AutoImmune Disease Treatments
ARG201 Development to Date
arGentis is developing ARG201, a treatment for diffuse cutaneos systemic scleroderma (dcSSc), an autoimmune disease leading to widespread collagen build up on the skin and within the vascular structures of internal organs, resulting in co-morbidities such as pulmonary hypertension, kidney and gastrointestinal track failure, pulmonary fibrosis and death. dcSSc is an orphan disease with approximately 100,000 patients each in the U.S. and and 150,000 in the EU.
The mechanism of action of ARG201 is to induce immune tolerance, whereby the body ceases attacking type I collagen, a primary autoantigen in SSc. There are currently no approved therapies for the underlying cause of SSc. Median survival from diagnosis is approximately 11 years. ARG201 has been granted orphan drug status in the US by the Federal Drug Administration (FDA) and in the EU by the European Medicines Agency (EMEA).
ARG201 is a bovine-derived Type I collagen which induces immune tolerance in patients with Diffuse Systemic Scleroderma (dcSSc). It has been designated a biologic by the FDA and there is no evidence of toxicity in human clinical trials. The Gut-Associated Lymphiod Tissue (GALT) contains 1/3 of the body’s immune cells and is effective in mounting a tolerogenic response to ingested ARG201. Oral administration of the ARG201 suppresses the immune responses via the GALT.

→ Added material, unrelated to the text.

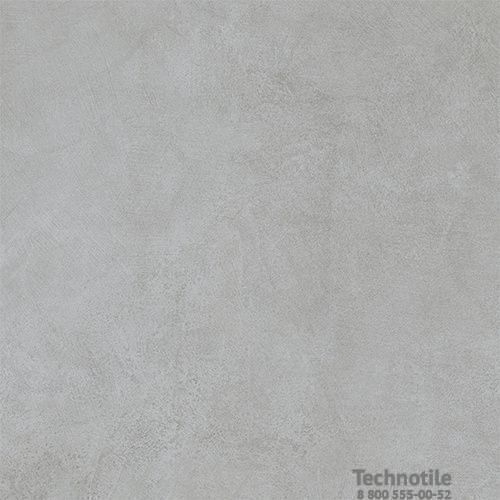 Плитка керамогранит МикроЦемент K947812R Серый матовый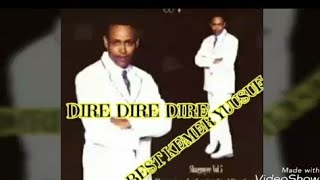 New Oromo best music  Shashamanne qamar yusuf [upl. by Aurelea]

ARG201 has completed a 168-patient Phase II US clinical trial which confirmed the following key points:
The Modified Rodnan Skin Score (MRSS) is the widely recognized tool to measure the extent of skin thickening and is useful for assessing the overall disease activity. The MRSS improvement in the late-stage patients at 15 months was 7.3 points at p=0.006.
The improvement utilizing the ROT1 screen was 7.2 points at 12 months at p=0.0296 and 8.4 points at 15 months at p=0.007. The targeted improvement was 5.0 points and these results indicate that the desired improvement may be attained as early as 12 months with the ROT1 screen.
In the late-stage patients, the improvement above the target at 15 months was 7.3 vs. 5.0, exceeding the target by ~50%. After screening for ROT1, the improvement vs. target at 15 months was 8.4 vs. 5.0 exceeding the target by 68%.